We wanted to find an application of the PoC data that both assisted individual PoCs and advanced ABInBev's operations across the board. While exploring the data, we realized that we could measure volume consumed off both the draught and the bottle sales. This lead us on our quest to understand the beer vertical and horizontal markets through the lens of consumption data.
What it does
FtN predicts the sales of ABInBev products based on factors such as location, type of venue, demographics, weather conditions, day of week, and day of yea. With FtN, ABInBev sales representatives stay proactive when advertising to PoCs. Currently, FtN predicts consumption of Budweiser Draught, Stella Draught, Bud Light Draught, Labatt 50 Draught, Budweiser Bottle, and Bud Light bottle.
How we built it
We created a Neural Network using unsupervised learning and semi-supervised feature selection. First, we cleaned and filtered the data in MySQL and reorganized it to identify potential predictors of consumption. Each potential factor was analyzed for statistical significance. The predictive power of the type of establishment was tested through a Chi-Squared Goodness of Fit Test.
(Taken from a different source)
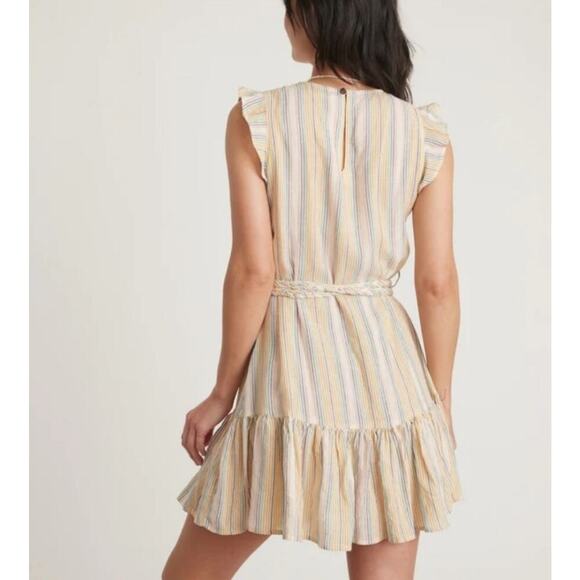 NWT Marine Layer Laney Mini Dress In Beachy Stripe Size Small - Picture 2 of 10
The day of the week and the weather were tested through Pearson Correlation Coefficient. Other variables like the quality of the lines and the amount of non-beer items sold were tested but did not show a relationship or predictive strength.
Once the factors were narrowed down, we took the 4 months of consumption data and divided them into 3 months of training data and 1 month of testing data. The resulting Neural Network was able to predict the consumption of the ABInBev products w/ over 70% accuracy.
Challenges we ran into
The PoS records was broken into four files, so we had to create a master PoS file w/ over 3 million records. This made analysis of consumption computationally expensive when relating data across the various data sources.
When analyzing the type of PoC data for statisical significance, one challenge was overcoming the different sample sizes of PoC types. There were over 40 Bar/Pubs but only 1 Adult PoC. Creating expected values for the consumption of PoC types with small sample sizes required a bit of out of the box thinking -- utilizing a Chi-Square test but with weighted expected values based on proportion of sample size instead of the product of averages.
Accomplishments that we're proud of
The sheer effort and technical work done to analyze variables and test potential factors for statistical significance in a semi-supervised feature selection process paid off when we found over 70% accuracy for our Neural Network despite the limited number of data points.
What we learned
We learned how to distribute tasks among team members to emphasize our strengths and cover for our weaknesses. We came in as a team with a wide set of skills between Database Administrators, a Statistician, and Computer Scientists. It was confusing at first but we were able to make a supply chain to efficiently accomplish tasks.
What's next for Flop the Nuts
FtN can grow in two primary ways. First, additional data points can be gathered and this will increase the accuracy of the Neural Network. Second, additional analysis of potential factors can be performed. Additional PoCs could be added to the sample to allow for better testing of statistical significance. A suggested beer purchase for PoC from distributors can be generated off the FtN predictive model.